Depression is common among persons with cardiovascular disease, especially younger women, and researchers have linked both depression and heart disease with inflammation, the result of an over-active immune system.

However, a nationwide team of researchers reports that depression and inflammation don't add up to make heart disease worse. The findings were published this week online in the Journal of the American College of Cardiology.

"This study confirms depression as an important risk factor for heart disease in women," says lead author Viola Vaccarino, MD, PhD, professor of medicine (cardiology) at Emory University School of Medicine and professor of epidemiology at Emory's Rollins School of Public Health. "But we were surprised to find that inflammation is a totally independent factor. We must look at other mechanisms."

The data comes from the WISE (Women's Ischemia Syndrome Evaluation) study, sponsored by the National Heart, Lung, and Blood Institute. The researchers followed 559 female cardiac patients from six states over six years ending in 2006.

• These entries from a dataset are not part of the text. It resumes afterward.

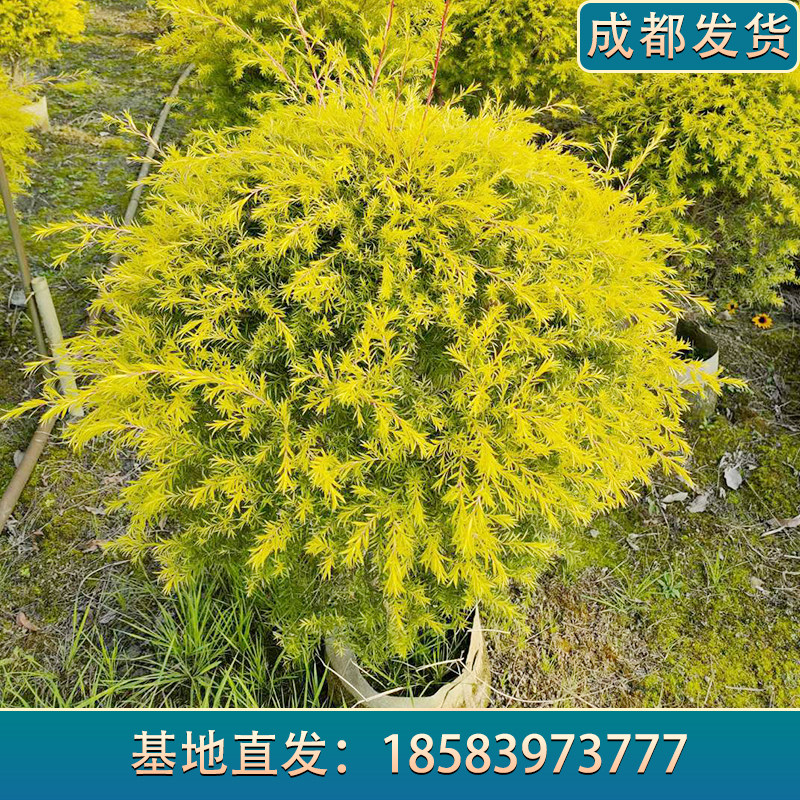 黄金香柳千层金树苗球形庭院植物灌木园林工程绿化苗圃基地直发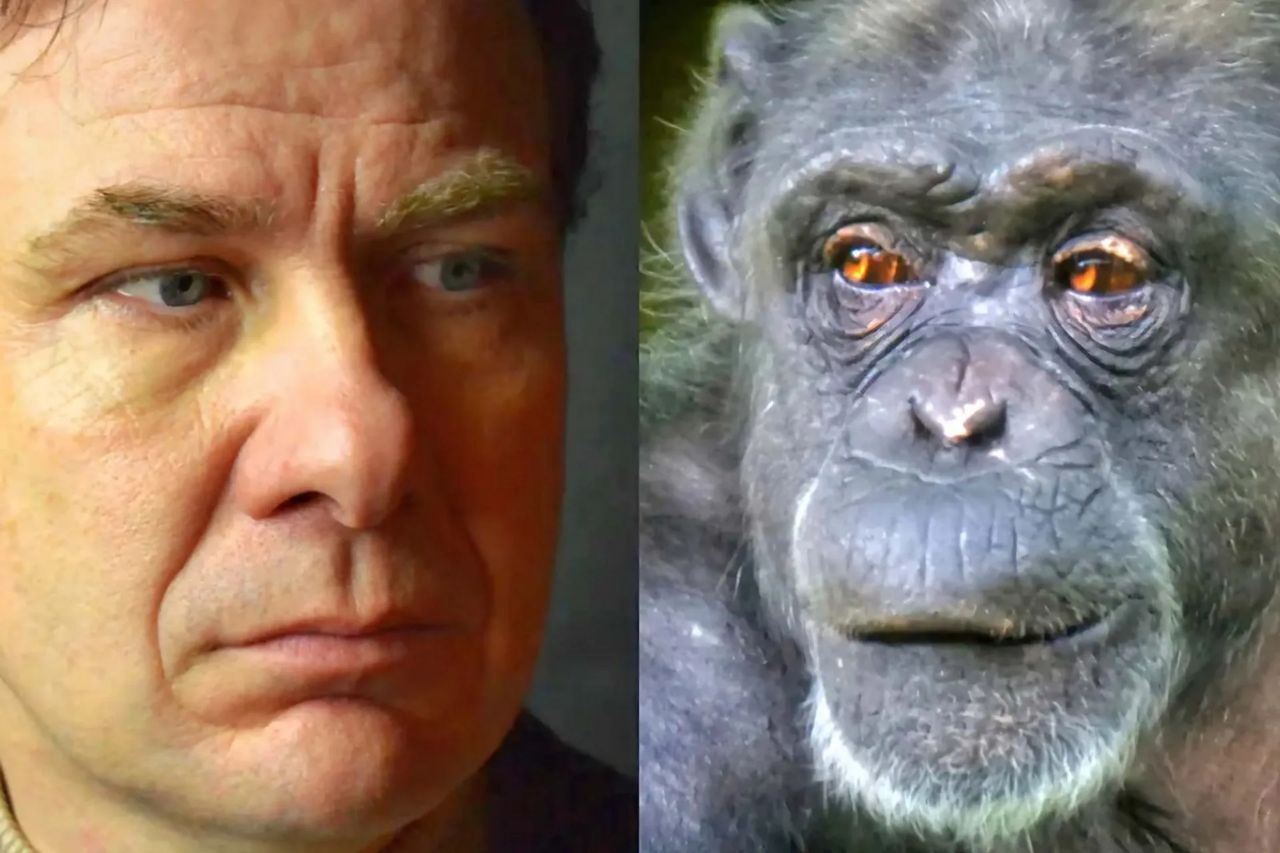 سفیدی چشم یکی از ویژگی‌های کلیدی ماست؛ اما فقط انسان‌ها صاحب آن نیستند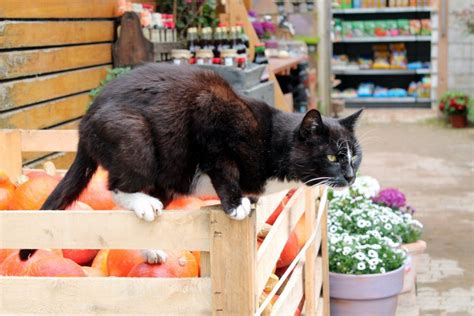A Black And White Cat Sitting On Top Of A Wooden Crate Filled With Oranges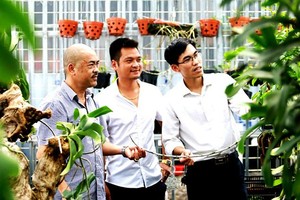 Trong thời gian thí điểm trung tâm dịch vụ nông nghiệp tại các huyện Chương Mỹ, Mê Linh và Thanh Trì, Sở Nông nghiệp và Phát triển nông thôn Hà Nội không thực hiện chức năng quản lý 99Kl99 trực tiếp đá gà về chăn nuôi và thú y, trồng trọt và bảo vệ thực vật trên địa bàn 3 huyện này. (Ảnh minh họa: Minh Thắng).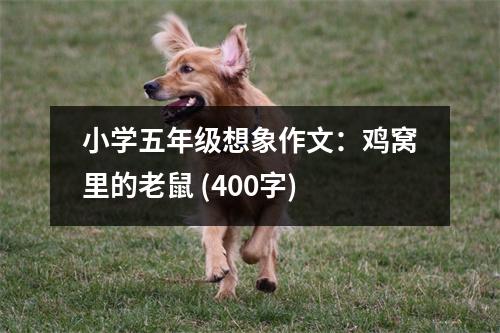 小學(xué)五年級想象作文：雞窩里的老鼠 (400字)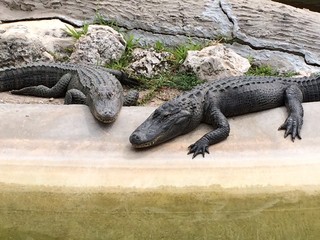 Crocodiles of the Florida Everglades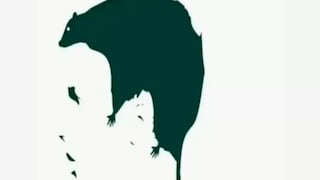 Con sinceridad dime lo que ves primero y descubrirás tu verdadero miedo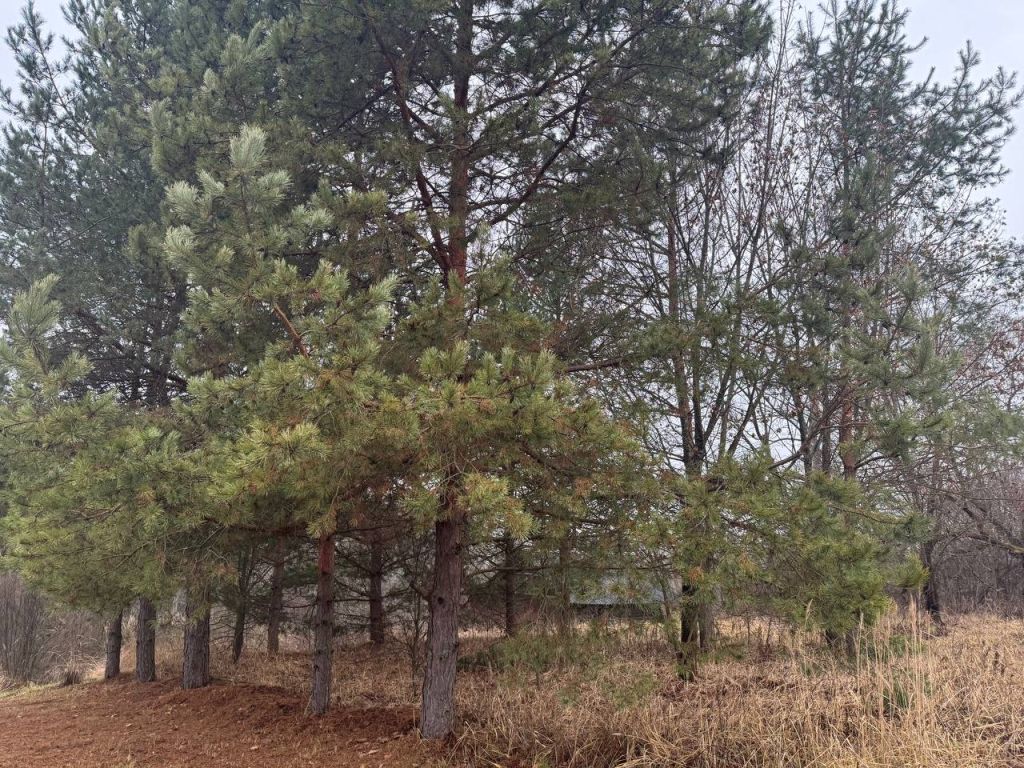 Продажа дома, 200м <sup>2</sup>, 8 сот., Польки, Шлюзовая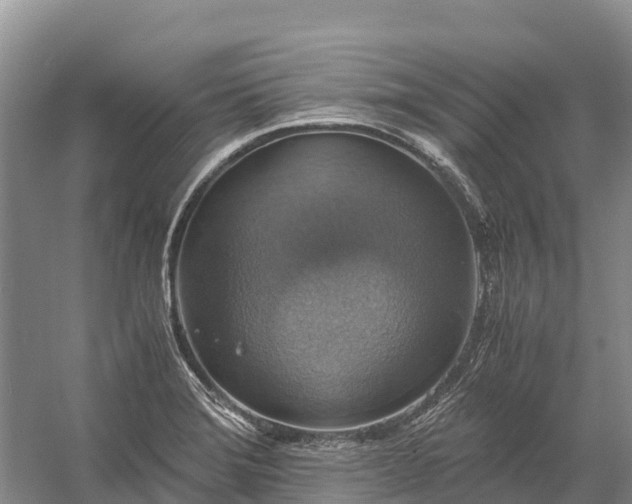 X0000058781372200510071558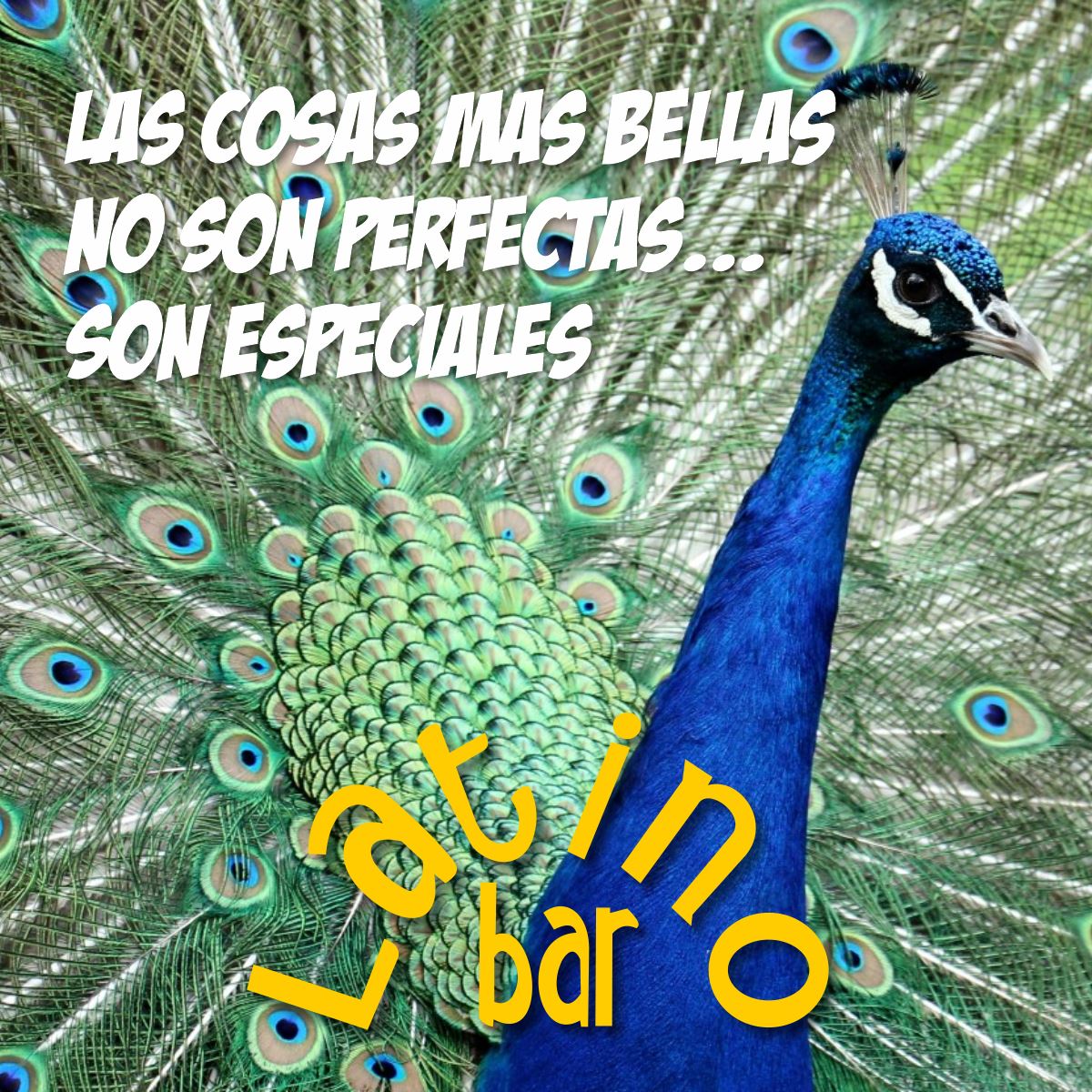 Esperamos que tu día no sea perfecto… sólo especial!
Pronto volveremos!
#LatinoBarLeon #Leonesp #carta #gastronomia #asador #lechazo #horno #parrilla #eco #lechazo #carnesrojas #parallevar #seguiremosadelante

"The idea behind this was to figure out the underlying mechanisms that lead to greater cardiovascular risk for women with depression," says Dr. Vaccarino, a member of the Emory Heart and Vascular Center.

The answers could guide doctors in treating patients with various medications - for example, anti-inflammatory drugs if inflammation turned out to be the key - to prevent depression and a worsening of their heart conditions, she says.

In the WISE study, patients were monitored for symptoms of depression and two markers of inflammation in the blood. Doctors tracked patients' severity of cardiovascular disease with the number of heart and stroke related hospital visits and survival over six years.

Women with depression or some depressive symptoms generally had elevated levels of both markers of inflammation in their blood, the study found.

Women with depression were almost three times as likely to have heart and stroke related hospital admissions and death, compared with women without depression. However, incorporating the data on inflammatory markers explained little of this extra risk due to depression, the researchers found.

Only one previous European study examined whether inflammation might link depression and heart disease in men and also found a similar result, says Dr. Vaccarino.

"The results continue to emphasize how important it is for doctors to monitor female cardiac patients for depression, but they will point future investigations in a different direction in order to discover the mechanisms of this increased risk," she says.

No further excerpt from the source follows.